Data extract ▸
[Start of section]

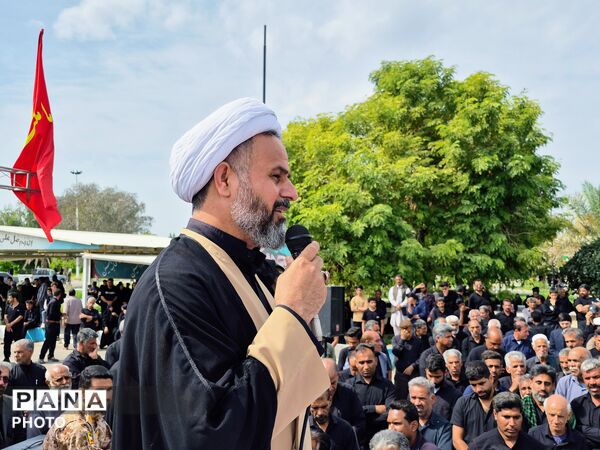 مراسم تشییع پیکر مطهر شهید اسماعیل آزادگرمی در کرمان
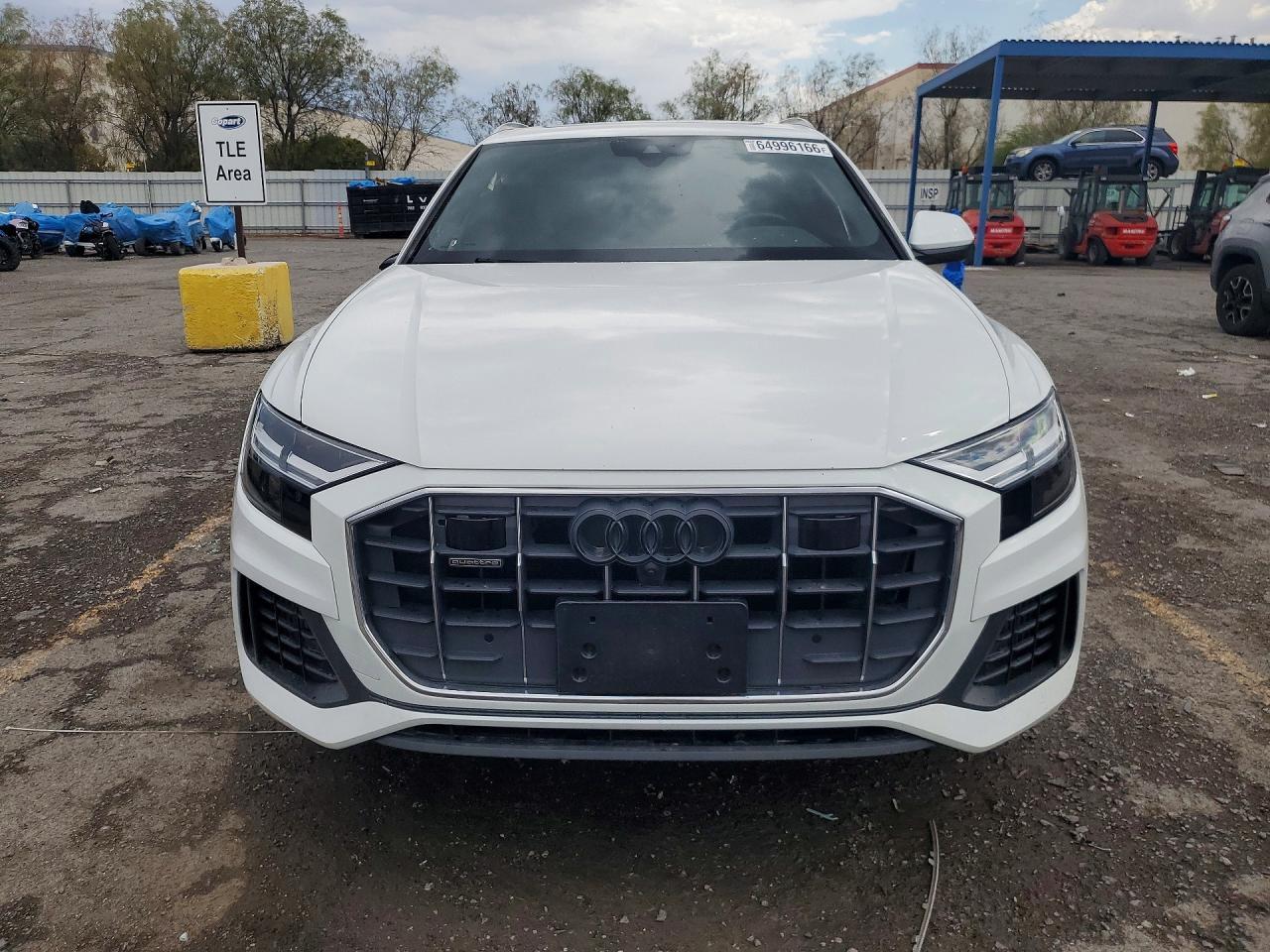 2019 Audi Q8 Premium Plus - Image 5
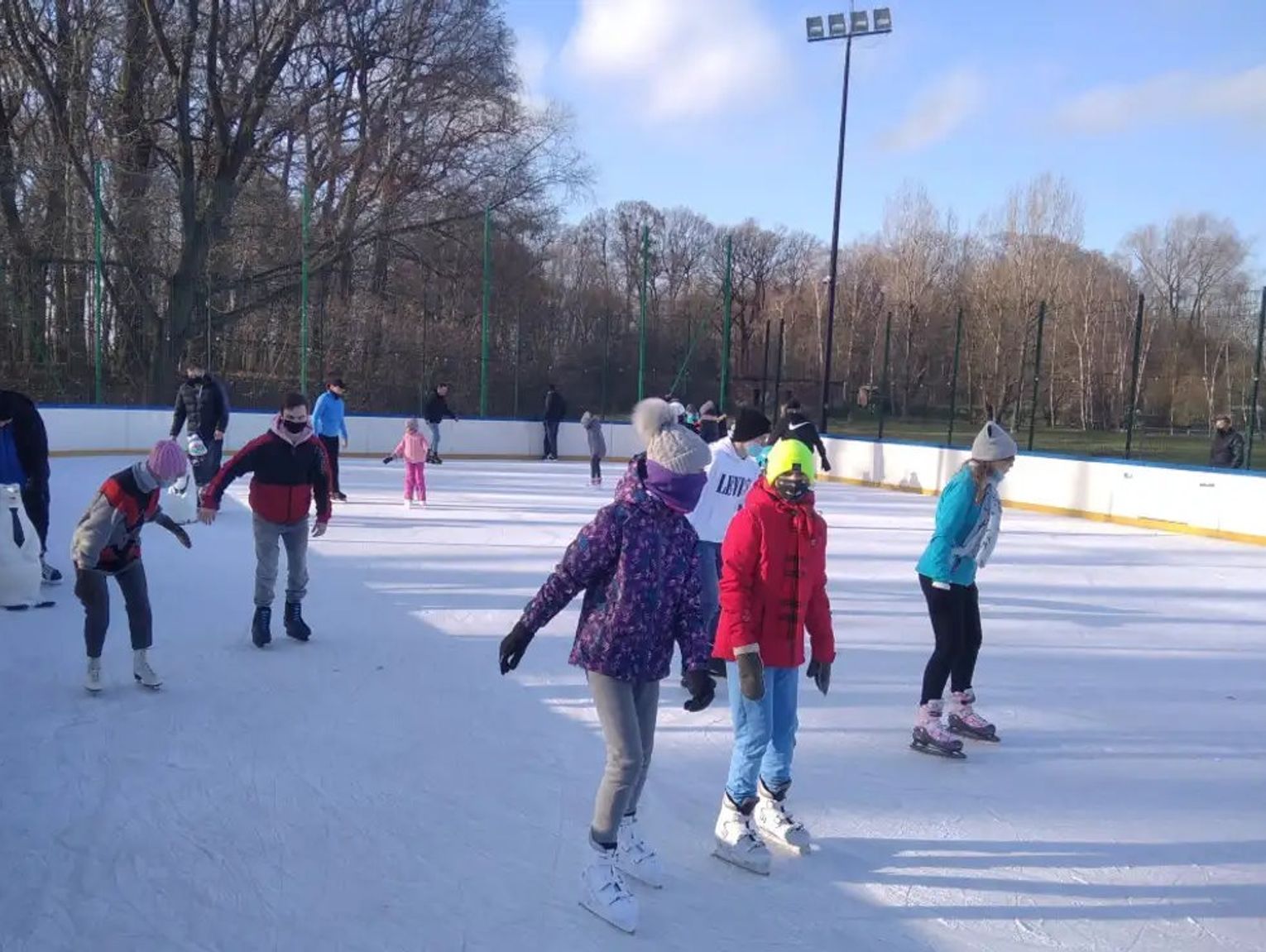 Nauka pływania, jazdy na łyżwach czy wirtualne strzelectwo - interesująca oferta MOSiR-u na ferie zimowe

[End of section]

Problem to work on ▸ Give the data again exactly, without pictures.

Response ▸
 مراسم تشییع پیکر مطهر شهید اسماعیل آزادگرمی در کرمان
 2019 Audi Q8 Premium Plus - Image 5
 Nauka pływania, jazdy na łyżwach czy wirtualne strzelectwo - interesująca oferta MOSiR-u na ferie zimowe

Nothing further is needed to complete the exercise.